Le gouvernement déclenche l’article 49.3 pour faire passer la réforme des retraites

undefined 16 mars 2023 undefined 16h13

Auriane Camus

Alors qu’une huitième journée de mobilisation a eu lieu ce mercredi 15 mars, à Paris et dans toute la France, le gouvernement a décidé d’utiliser l’article 49.3 pour faire adopter le projet de loi sur la réforme des retraites, qui valide le recul de l’âge de départ à 64 ans, ce jeudi 16 mars. Une décision qui fait suite à l’adoption du texte par le Sénat dans la matinée, quelques heures avant le débat qui devait commencer à l’Assemblée nationale.
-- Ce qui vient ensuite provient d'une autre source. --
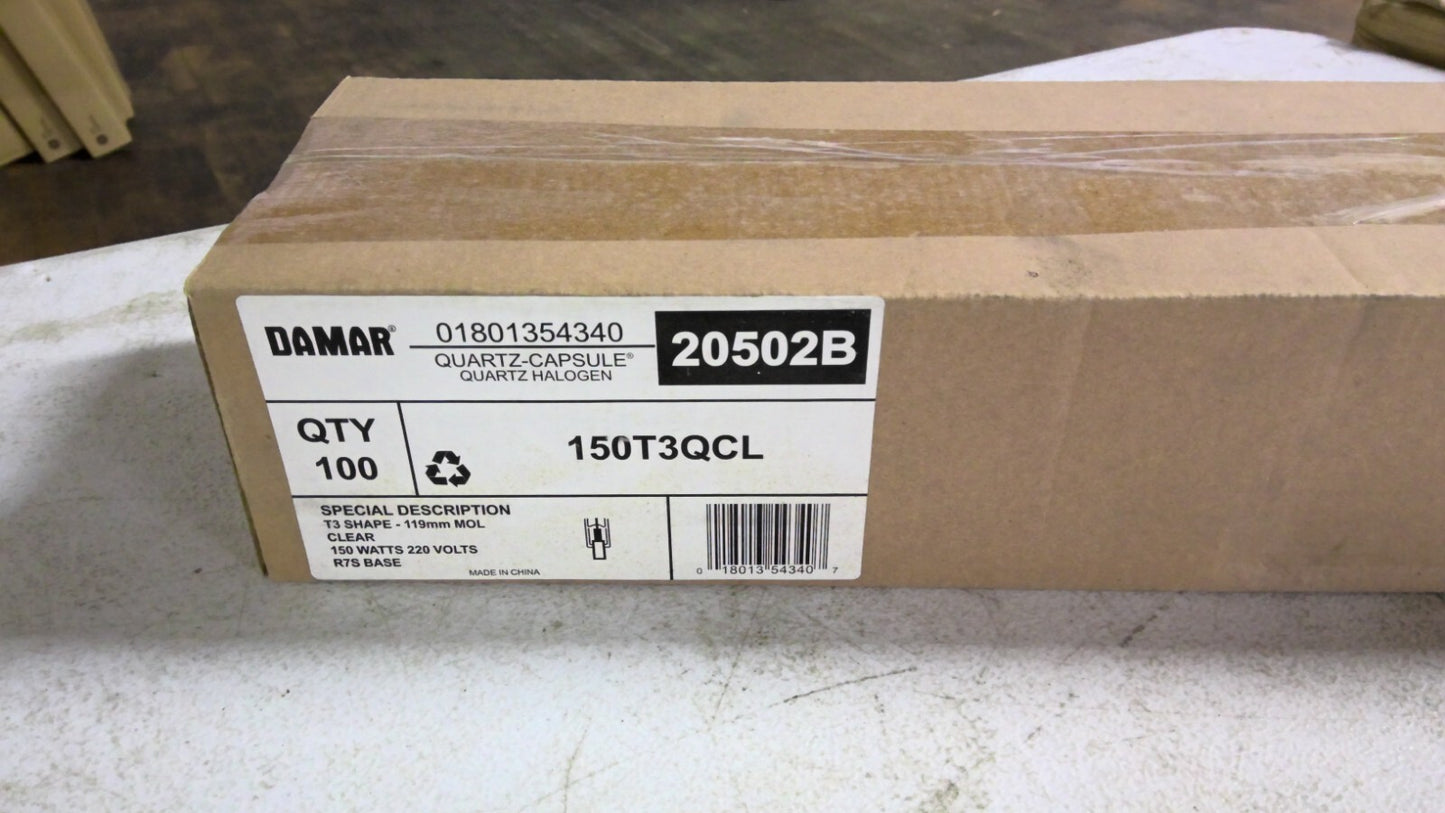 DAMAR 20502B BOX OF 100 T3 CLEAR QUARTZ-CAPSULE HALOGEN BULBS 150T3QCL 150W NIB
Le passage au 49.3 permet ainsi à la réforme des retraites d’être adoptée sans vote de l’Assemblée nationale. Elisabeth Borne engage cependant la responsabilité de son gouvernement, qui s’expose à une motion de censure de l’Assemblée. Les députés, notamment ceux du RN et de la Nupes, ont 24h après l'enclenchement du 49.3 pour la mettre en place.


Retour sur le processus d’adoption de la réforme des retraites

Si la réforme des retraites est dans les esprits des Français depuis plusieurs mois désormais, nombreux sont ceux qui ne savent plus où donner de la tête entre les votes, lectures, amendements… En même temps, il n’est pas toujours évident de comprendre le système législatif français quand on n’est pas juriste. On vous explique. Le 10 janvier 2023, Élisabeth Borne a officiellement présenté le projet de réforme des retraites du gouvernement. Une réforme qui vise, entre autres, à reculer l’âge de départ à la retraite à 64 ans afin de rétablir les finances du régime sur le long terme. Cette mesure est prévue par l’article 7 du projet de loi.

Alors qu’une première journée de grève nationale et interprofessionnelle a eu lieu le 19 janvier, le texte a ensuite été présenté en Conseil des ministres le 23 janvier, avant de partir pour une bataille de cinquante jours au sein du Parlement. En effet, si la procédure habituelle permet deux lecteures du textes par l'Assemblée nationale et le Sénat, le gouvernement a choisi une procédure accélérée afin de faire discuter et adopter la réforme d'ici la fin du mois de mars.

Fin janvier, le projet de loi a été présenté à l’Assemblée nationale qui a ensuite pu démarrer les débats le 6 février. À l’issue de 10 jours de débats, les députés n’ont pu voter que 2 articles sur les 20 du projet de loi en raison de nombreux amendements déposés, notamment par la gauche. Ils avaient jusqu’au vendredi 17 janvier, minuit, pour débattre du texte avant que celui-ci soit présenté au Sénat. L’article 7, objet de contestation, n’a par conséquent pas été débattu à l'Assemblée nationale.

Jeudi 2 février, le texte a finalement été présenté au Sénat, dominé par la droite, qui a fini par adopter le projet de réforme au complet, samedi 11 mars, avec un jour d’avance sur le délai imparti. Une commission mixte paritaire (CMP) composée de 7 sénateurs et 7 députés d’horizons politiques différents s'est réunie le mercredi 15 février. Elle avait pour objectif de trancher les désaccords persistant entre l’Assemblée nationale et le Sénat et trouver une version finale de la réforme des retraites, votée ce jeudi 16 mars au Sénat et à l’Assemblée nationale.


Une journée de vote déterminante

La journée du jeudi 16 mars a été déterminante pour l’adoption du projet de loi pour la réforme des retraites. Le coup d’envoi du débat final au Sénat a été donné aux alentours de 9h. Ce dernier a adopté le compromis proposé par la CMP par 193 voix contre 114, au terme d'une séance d'1h45, avant la dernière étape très attendue à l'Assemblée nationale dans l’après-midi.

À l'issue d'une série de réunions de crise à l'Élysée ce jeudi 16 mars, Emmanuel Macron et sa première ministre Élisabeth Borne ont cependant choisi de ne pas laisser le texte être voté par l’Assemblée nationale, craignant un rejet des députés. Le passage au 49.3 a d’ores et déjà créé de nombreux remous dans la capitale. Plusieurs centaines de manifestants se sont rassemblés devant l’Assemblée nationale et place de la Concorde pour dénoncer « un manque de respect pour la démocratie », d’après les mots de Philippe Martinez, secrétaire général de la CGT.